UniInfer

Run any LLM on any hardware. Auto-detects your GPU, checks if the model fits, downloads the right format, and starts serving — zero configuration.

pip install -e .
uniinfer serve

Open http://localhost:8000/dashboard and you're running.

What UniInfer Does

Detects your hardware — NVIDIA (CUDA), AMD (ROCm), Vulkan, or CPU
Checks if the model fits — calculates VRAM budget before downloading
Downloads the right format — GGUF, ONNX, or SafeTensors from HuggingFace
Loads on the best device — with automatic fallback if a device fails
Serves an OpenAI-compatible API — drop-in replacement for any client

No driver matching. No format conversion. No OOM crashes.

Getting Started

Install

# Clone and install
git clone https://github.com/Julienbase/uniinfer.git
cd uniinfer
pip install -e .

For NVIDIA GPU acceleration (recommended):

CMAKE_ARGS="-DGGML_CUDA=on" pip install llama-cpp-python --force-reinstall --no-cache-dir

Start the Server

# Start with no model — load from dashboard
uniinfer serve

# Or start with a model directly
uniinfer serve --model mistral-7b

Open http://localhost:8000/dashboard in your browser.

Load a Model

From the Models tab, pick an alias or paste any HuggingFace model ID. UniInfer auto-detects the format and downloads it.

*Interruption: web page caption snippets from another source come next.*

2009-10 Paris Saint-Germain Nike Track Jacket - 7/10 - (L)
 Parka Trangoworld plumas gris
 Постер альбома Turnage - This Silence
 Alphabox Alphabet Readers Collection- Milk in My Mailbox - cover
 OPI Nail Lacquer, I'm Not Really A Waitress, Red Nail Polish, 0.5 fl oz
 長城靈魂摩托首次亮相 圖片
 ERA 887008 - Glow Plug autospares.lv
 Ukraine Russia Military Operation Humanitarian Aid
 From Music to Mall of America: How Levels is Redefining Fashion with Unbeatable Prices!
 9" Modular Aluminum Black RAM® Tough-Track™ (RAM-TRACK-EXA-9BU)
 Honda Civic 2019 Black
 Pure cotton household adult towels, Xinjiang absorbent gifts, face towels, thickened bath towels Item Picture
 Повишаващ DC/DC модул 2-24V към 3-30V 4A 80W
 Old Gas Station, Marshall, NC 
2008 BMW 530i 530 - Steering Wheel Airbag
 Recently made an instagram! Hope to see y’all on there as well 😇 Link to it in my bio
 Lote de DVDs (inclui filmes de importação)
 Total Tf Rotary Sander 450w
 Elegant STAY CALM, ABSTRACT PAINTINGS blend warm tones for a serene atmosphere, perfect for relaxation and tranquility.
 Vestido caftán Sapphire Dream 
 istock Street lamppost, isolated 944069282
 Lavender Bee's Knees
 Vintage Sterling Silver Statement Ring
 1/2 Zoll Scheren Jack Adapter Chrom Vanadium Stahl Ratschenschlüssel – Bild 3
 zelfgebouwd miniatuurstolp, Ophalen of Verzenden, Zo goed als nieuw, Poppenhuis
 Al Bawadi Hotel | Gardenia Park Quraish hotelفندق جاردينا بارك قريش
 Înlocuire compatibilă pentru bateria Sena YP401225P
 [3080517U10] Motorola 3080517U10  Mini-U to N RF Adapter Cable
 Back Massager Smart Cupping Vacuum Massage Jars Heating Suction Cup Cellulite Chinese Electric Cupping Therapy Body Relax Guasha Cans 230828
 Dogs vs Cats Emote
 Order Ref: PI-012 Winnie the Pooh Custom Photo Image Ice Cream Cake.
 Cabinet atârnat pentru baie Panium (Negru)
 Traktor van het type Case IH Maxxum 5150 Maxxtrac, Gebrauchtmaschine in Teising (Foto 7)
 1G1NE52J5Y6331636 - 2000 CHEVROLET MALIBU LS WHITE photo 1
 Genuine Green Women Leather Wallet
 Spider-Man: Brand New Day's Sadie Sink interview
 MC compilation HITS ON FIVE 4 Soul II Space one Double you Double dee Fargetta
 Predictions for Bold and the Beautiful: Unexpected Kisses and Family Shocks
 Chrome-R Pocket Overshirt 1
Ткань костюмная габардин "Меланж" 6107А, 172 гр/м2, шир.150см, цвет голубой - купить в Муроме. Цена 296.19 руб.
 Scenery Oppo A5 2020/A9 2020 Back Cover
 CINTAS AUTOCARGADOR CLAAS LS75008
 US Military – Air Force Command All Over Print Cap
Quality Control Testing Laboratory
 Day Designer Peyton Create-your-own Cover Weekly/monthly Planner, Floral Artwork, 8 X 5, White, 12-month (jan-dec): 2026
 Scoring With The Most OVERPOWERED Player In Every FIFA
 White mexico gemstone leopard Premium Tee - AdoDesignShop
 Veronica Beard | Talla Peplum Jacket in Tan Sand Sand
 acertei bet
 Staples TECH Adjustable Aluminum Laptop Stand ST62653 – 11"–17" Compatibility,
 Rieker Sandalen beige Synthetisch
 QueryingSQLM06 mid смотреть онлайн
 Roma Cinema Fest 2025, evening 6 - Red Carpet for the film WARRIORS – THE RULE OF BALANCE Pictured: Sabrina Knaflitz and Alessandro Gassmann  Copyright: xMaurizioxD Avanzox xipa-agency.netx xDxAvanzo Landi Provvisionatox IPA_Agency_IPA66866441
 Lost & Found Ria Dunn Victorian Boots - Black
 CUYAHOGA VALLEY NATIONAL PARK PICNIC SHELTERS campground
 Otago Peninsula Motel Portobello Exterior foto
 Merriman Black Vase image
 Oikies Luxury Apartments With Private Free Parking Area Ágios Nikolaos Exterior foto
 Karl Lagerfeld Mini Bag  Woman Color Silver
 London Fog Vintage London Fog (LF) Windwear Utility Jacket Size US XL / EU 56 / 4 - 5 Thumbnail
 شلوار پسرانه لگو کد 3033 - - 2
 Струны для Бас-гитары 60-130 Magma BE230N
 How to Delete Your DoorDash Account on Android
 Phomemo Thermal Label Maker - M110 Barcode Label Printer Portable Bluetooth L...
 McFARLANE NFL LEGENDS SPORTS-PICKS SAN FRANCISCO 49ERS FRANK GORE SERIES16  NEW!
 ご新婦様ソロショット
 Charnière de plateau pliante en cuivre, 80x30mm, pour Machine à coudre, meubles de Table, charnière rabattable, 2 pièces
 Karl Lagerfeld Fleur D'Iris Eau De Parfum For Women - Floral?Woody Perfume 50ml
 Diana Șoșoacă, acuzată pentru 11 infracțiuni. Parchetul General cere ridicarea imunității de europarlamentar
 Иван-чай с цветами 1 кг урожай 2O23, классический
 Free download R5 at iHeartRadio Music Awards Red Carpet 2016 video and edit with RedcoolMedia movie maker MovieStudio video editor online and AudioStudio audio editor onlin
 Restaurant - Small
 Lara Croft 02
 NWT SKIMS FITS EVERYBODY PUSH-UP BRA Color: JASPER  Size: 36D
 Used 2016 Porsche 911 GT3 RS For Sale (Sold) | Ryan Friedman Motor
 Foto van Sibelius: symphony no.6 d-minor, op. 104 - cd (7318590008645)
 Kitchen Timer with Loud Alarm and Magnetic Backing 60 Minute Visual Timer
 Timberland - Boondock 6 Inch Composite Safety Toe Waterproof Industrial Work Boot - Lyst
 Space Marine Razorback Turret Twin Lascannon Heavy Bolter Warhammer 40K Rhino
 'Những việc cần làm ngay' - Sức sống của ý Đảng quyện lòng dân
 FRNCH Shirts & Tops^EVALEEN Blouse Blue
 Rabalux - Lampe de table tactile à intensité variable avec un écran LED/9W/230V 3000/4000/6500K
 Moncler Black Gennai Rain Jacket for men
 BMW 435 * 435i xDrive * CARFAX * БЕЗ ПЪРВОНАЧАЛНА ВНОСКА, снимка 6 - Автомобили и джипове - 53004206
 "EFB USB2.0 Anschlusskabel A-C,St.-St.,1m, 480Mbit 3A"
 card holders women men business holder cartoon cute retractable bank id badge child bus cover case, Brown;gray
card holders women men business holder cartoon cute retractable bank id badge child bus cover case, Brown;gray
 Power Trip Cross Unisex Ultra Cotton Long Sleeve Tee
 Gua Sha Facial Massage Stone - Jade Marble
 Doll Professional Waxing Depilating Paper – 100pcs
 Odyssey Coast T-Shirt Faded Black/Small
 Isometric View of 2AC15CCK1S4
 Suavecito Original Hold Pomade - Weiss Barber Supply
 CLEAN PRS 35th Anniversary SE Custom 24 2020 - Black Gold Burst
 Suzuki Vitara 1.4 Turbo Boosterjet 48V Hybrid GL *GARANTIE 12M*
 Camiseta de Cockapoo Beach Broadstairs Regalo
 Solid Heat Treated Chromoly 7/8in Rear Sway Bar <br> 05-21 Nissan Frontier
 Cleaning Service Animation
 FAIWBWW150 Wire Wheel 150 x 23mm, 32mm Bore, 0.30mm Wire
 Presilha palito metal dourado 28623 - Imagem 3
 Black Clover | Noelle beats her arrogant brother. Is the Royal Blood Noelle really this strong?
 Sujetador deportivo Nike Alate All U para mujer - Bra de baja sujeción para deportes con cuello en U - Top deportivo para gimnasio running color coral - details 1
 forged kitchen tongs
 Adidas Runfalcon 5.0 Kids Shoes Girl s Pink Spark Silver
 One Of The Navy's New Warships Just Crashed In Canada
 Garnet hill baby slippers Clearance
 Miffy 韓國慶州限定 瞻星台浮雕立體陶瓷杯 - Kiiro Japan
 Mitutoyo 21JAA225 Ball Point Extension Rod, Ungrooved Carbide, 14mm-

Supported formats: GGUF (llama.cpp), ONNX (ONNX Runtime), SafeTensors (transformers). All auto-detected.

Chat

Switch to the Chat tab. Type a message, get streaming responses. Session history is preserved.

Fit Check — Know Before You Download

UniInfer's standout feature: check if a model fits your VRAM before downloading gigabytes of data.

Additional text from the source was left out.